The first pineapple to reach Europe came on a ship sailed by Columbus, returning from his second voyage from the new world in 1496. Although he bought many of these exotic fruits back with him, all but one rotted - which he gave to the King of Spain. Peter Martyr, a tutor to the Spanish princes, recorded the first tasting: -
“The most invincible King Ferdinand relates that he has eaten another fruit brought from those countries. It is like a pine-nut in form and colour, covered with scales, and firmer than a melon. Its flavour excels all other fruits.”
From that moment the pineapple became a fruit of legend, highly prized and beyond the reach of everyone but royalty. The cult of pineapples grew, and it became a familiar motif of baroque and Neo-Classical architecture to represent wealth and good taste. It was generally used, at a small scale, for decoration, but it was also used to generate the design for a whole building known as the Dunmore Pineapple in Scotland.
Over time, resourceful botanists worked out that pineapples could be grown in England using heated greenhouses and attentive gardeners. The price tag for these fruits was the modern equivalent of £8,000 each and so they were rarely eaten, they were instead used as ornaments for banquets and rented out by the night.
So, how did the fruit of kings become one of the least sophisticated canned goods on our supermarket shelves? With industrialisation, the sourcing of pineapples from distant shores and putting them in cans makes them cheap. We like things most which we can’t have, and once something becomes cheap it loses its allure, and the chattering classes move on to something else.
The same has happened to colour, the painted interiors of Chiswick house were the height of good taste in the 18th century. But now if you were to paint an interior in this way it would be perceived as gaudy. Preindustrial bright colours were hard to produce, blue was made from ground Lapis Lazuli from Afghanistan and purple was the colour of emperors because it demanded vast quantities of a gland from a specific sea snail to produce even a small amount. Now any colour is as easy as each other to produce and so good taste has become the absence of colour.
This phenomenon is also true of ornament. Traditionally architects would make their building as ornamental as the purse would allow. Palladio (wrongly perceived as a minimalist) praises Sansovino's Biblioteca Marciana in Venice as “…the richest and most adorned edifice, that perhaps has been made since the ancients…”, implying that ornament equates to beauty. But since industrialisation when ornament could endlessly and easily be squeezed out of a mould, the value of ornament - which would have been hand carved - loses its value. This has led to a belief, first voiced by Adolf Loos in his essay ‘Ornament is Crime’ of 1908, which suggests (with various rather questionable and often slightly racist examples) that ornament is inversely correlated to cultural sophistication. In other words, the more civilised you are the less you need ornament and he sites examples of so-called ‘primitive’ societies who ornament everything, including themselves.

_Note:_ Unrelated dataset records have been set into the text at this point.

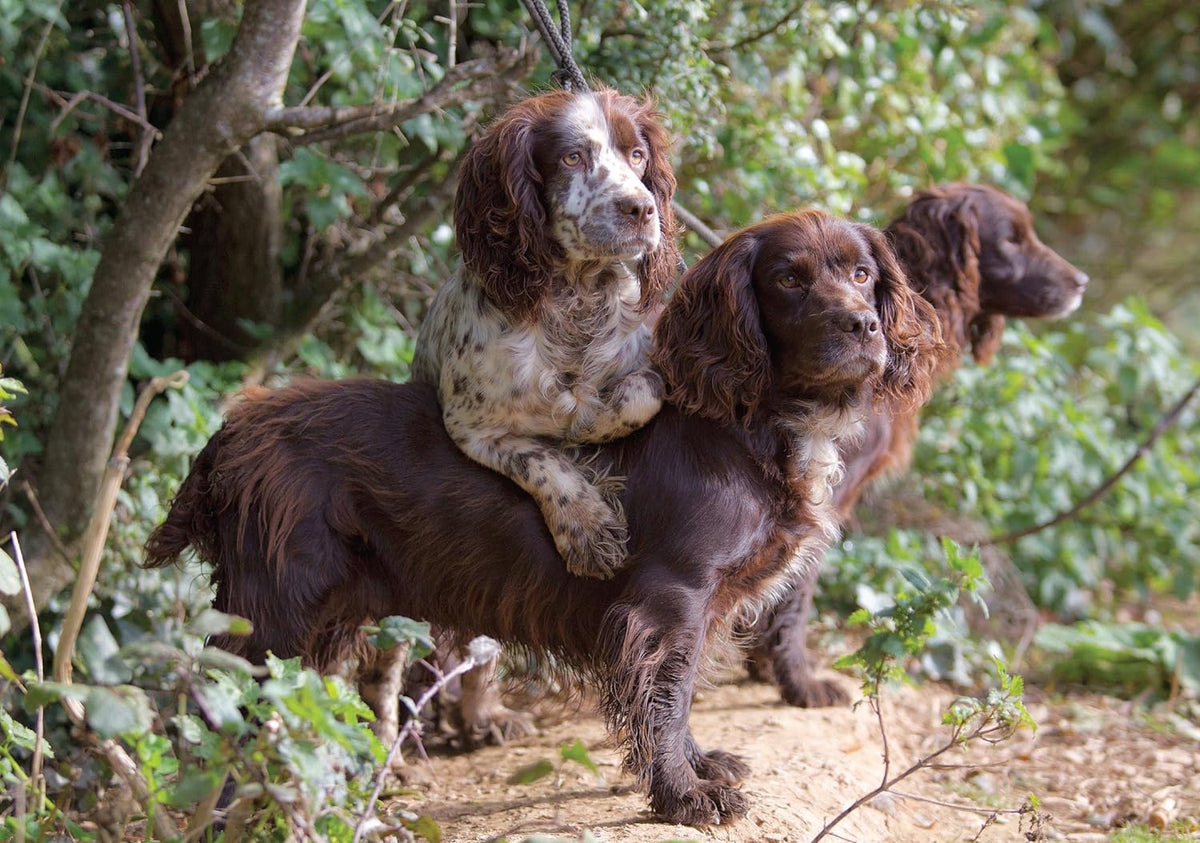 Greeting Card - Working Dogs by Charles Sainsbury - Plaice - Country Ways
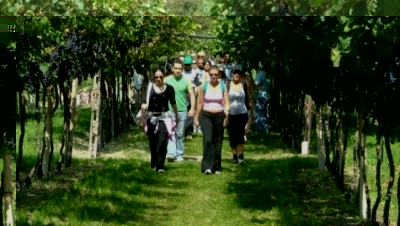 magnalonga.jpg (77.96 KiB) Osservato 568 volte magnalonga.jpg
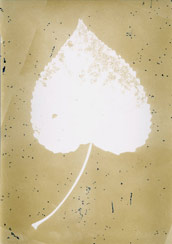 p21114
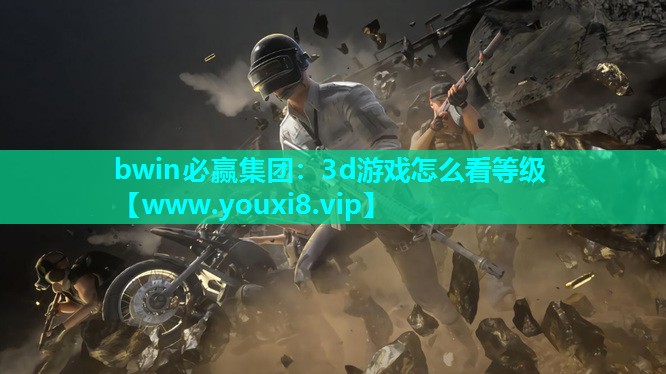 3d游戏怎么看等级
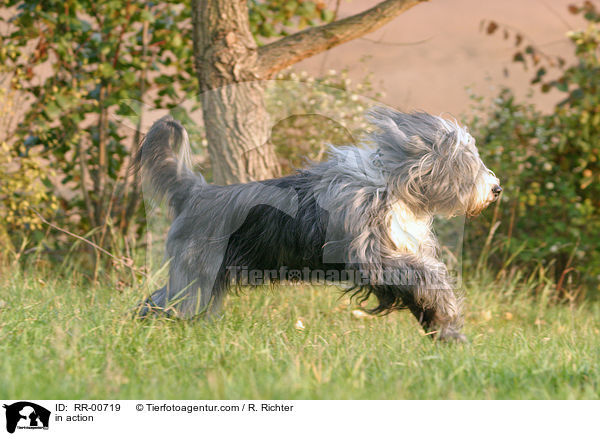 Bearded Collie in Bewegung / in action / RR-00719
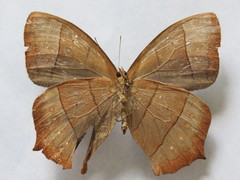 Taygetis rufomarginata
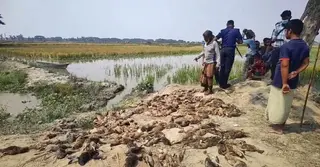 দুর্বৃত্তের বিষে মারা গেল ১২০০ হাঁস
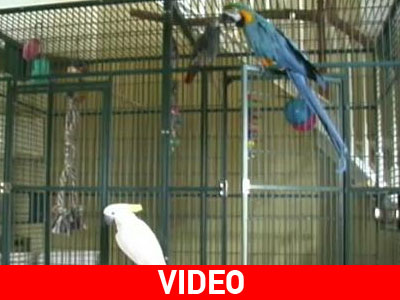 Η… απόδραση ενός παπαγάλου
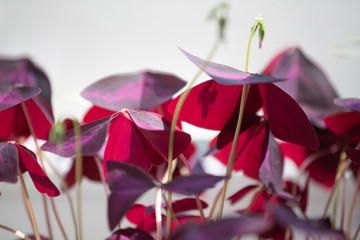 Home flower with purple leaves close-up, selective focus.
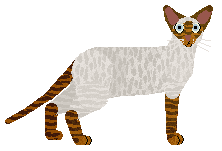 Aftermath Fight Fire With Fire — “Finnick”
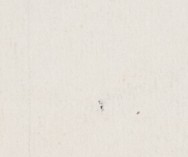 9nmz7co4dr6l2ey-62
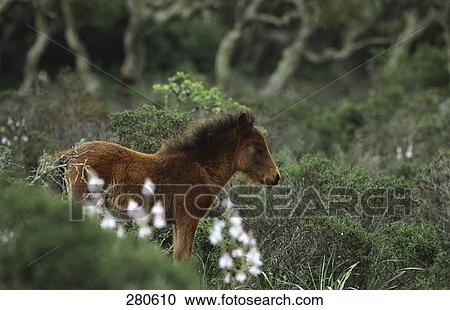 Stock Image - Horse's foal standing in field, Giara Di Gesturi, Sardinia, Italy . Fotosearch
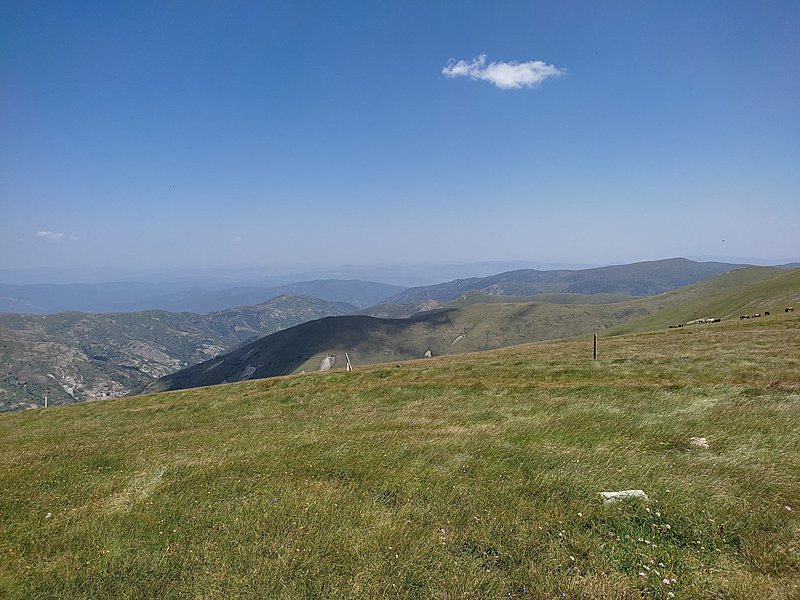 Натиснете снимката за да я уголемите  Име:IMG_20220723_122354.jpg Прегледи:0 Размер:718.3 КБ ID:6879812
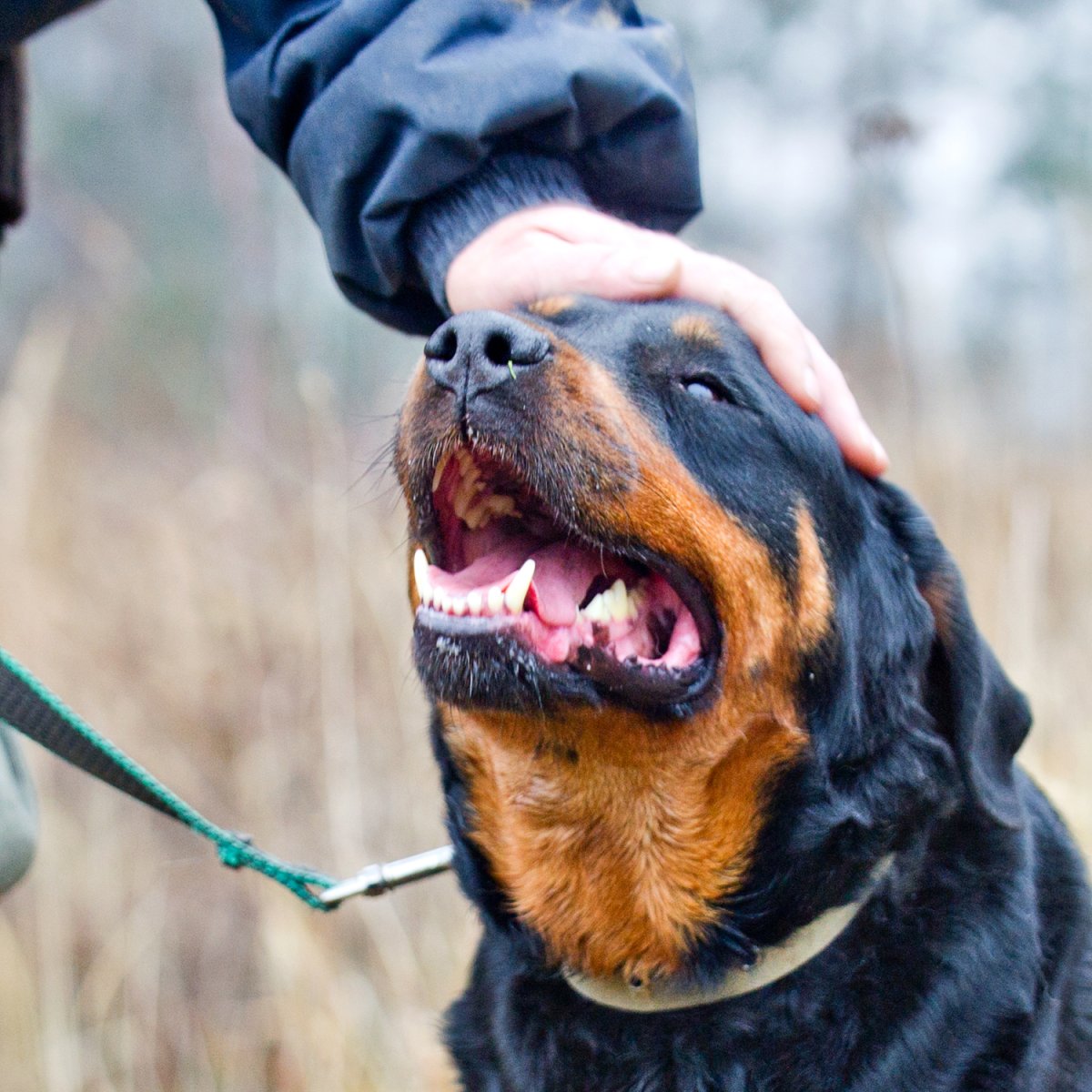 Собака ротвейлер Чоп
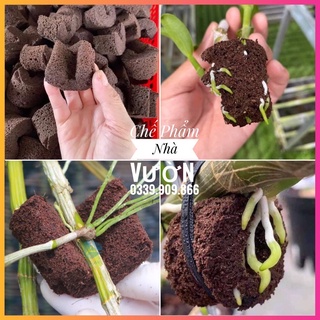 Van Tưới Nhỏ Giọt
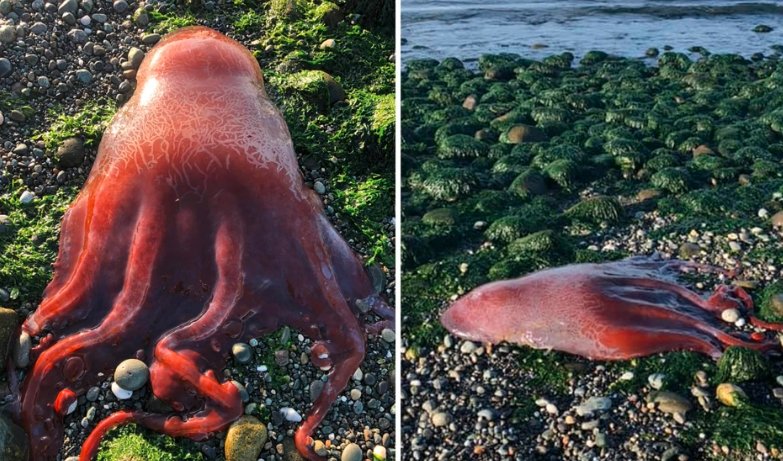 Rare Seven-Legged Octopus Found on Scottish Beach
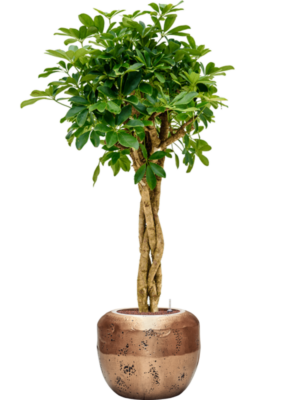 Schefflera arboricola 'Compacta' en Baq Opus Raw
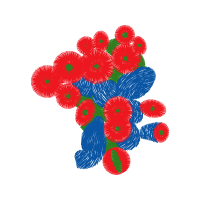 Zinnia Other Zinnia Other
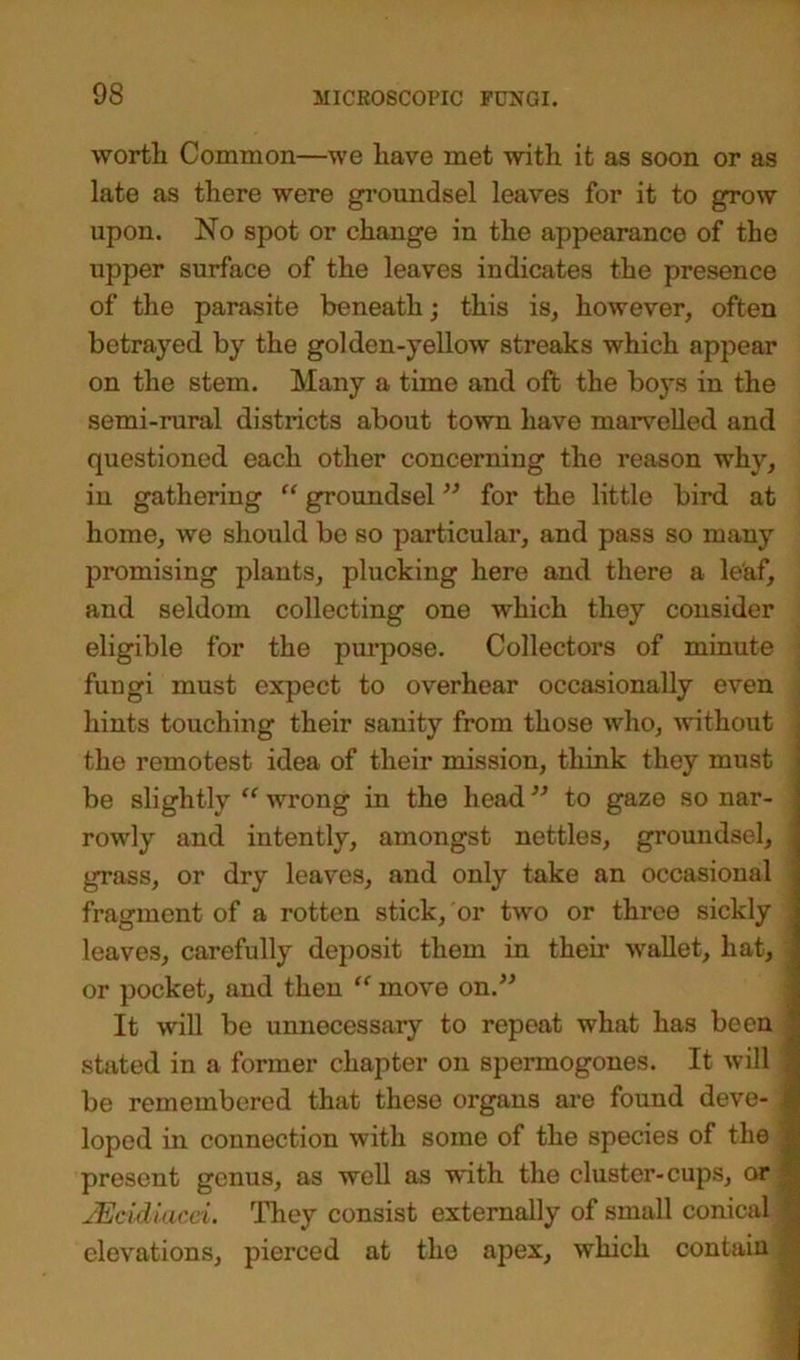 worth Common—we have met with it as soon or as late as there were groundsel leaves for it to grow upon. No spot or change in the appearance of the upper surface of the leaves indicates the presence of the parasite beneath; this is, however, often betrayed by the golden-yellow streaks which appear on the stem. Many a time and oft the boys in the semi-rural districts about town have marvelled and questioned each other concerning the reason why, in gathering “ groundsel ” for the little bird at home, we should bo so particular, and pass so many promising plants, plucking here and there a leaf, and seldom collecting one which they consider eligible for the purpose. Collectors of minute fuugi must expect to overhear occasionally even hints touching their sanity from those who, without the remotest idea of their mission, think they must be slightly “wrong in the head” to gaze so nar- rowly and intently, amongst nettles, groundsel, , grass, or dry leaves, and only take an occasional fragment of a rotten stick, or two or three sickly leaves, carefully deposit them in their wallet, hat, '.j or pocket, and then “ move on.” It will be unnecessary to repeat what has been stated in a former chapter on spermogones. It will be remembered that these organs are found deve- J loped in connection with some of the species of the present genus, as well as with the cluster-cups, or JEcidiacei. They consist externally of small conical 1 elevations, pierced at the apex, which contain 1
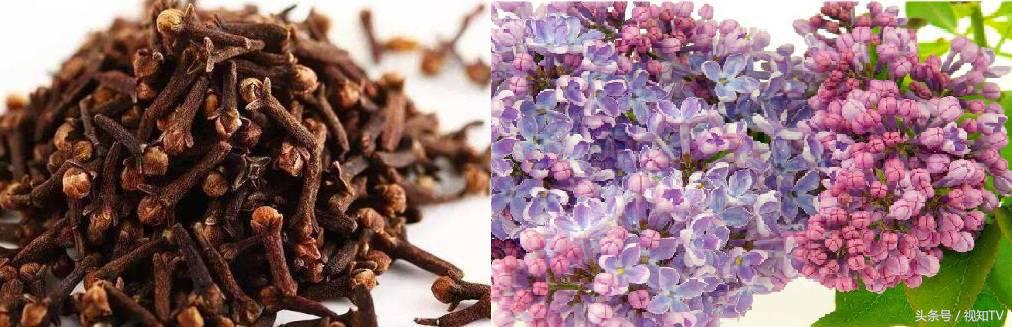 唐代人保持口气清新的方法,平时有什么清新口气的办法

He concludes that, ‘Lack of ornament is a sign of spiritual strength’. Le Corbusier’s Villa Savoye perfectly illustrates this trend in built form; an architecture style free from colour, ornament and any historical references.
White and minimalism became tasteful and the style of choice for the rich and glamorous while normal people preferred something a little sweeter and prettier using ornament, colour and an abundance of historical references. The tastemakers would perceive this as provincial and unsophisticated. Modernism was expensive because it was not hugely popular and could not be mass-produced in the same way as less sophisticated architecture. This has been the basic default setting from the 1930s to almost present day. I say almost because now the roles have flipped thanks to the grassroots success of modernism. Helvetia has become the most used font, everyone knows the funny names that Farrow and Ball give to different, yet almost indistinguishable shades of white, and Ikea have metaphorically put the once unattainable pineapple in cans on our supermarket shelves.
Now that the modernist aesthetic is available to everyone at a very low price, the chattering classes and tastemakers are hunting around for something else. A recent example of this trend is Ralph Lauren’s new flagship store in New York, which is not the usual glass modernist stump one would expect but a beautifully designed classical building in stone. Likewise, the more forward-looking journalists and students in architectural schools are getting excited about colour, ornament and historical styles… it is an exciting time to be a classical architect!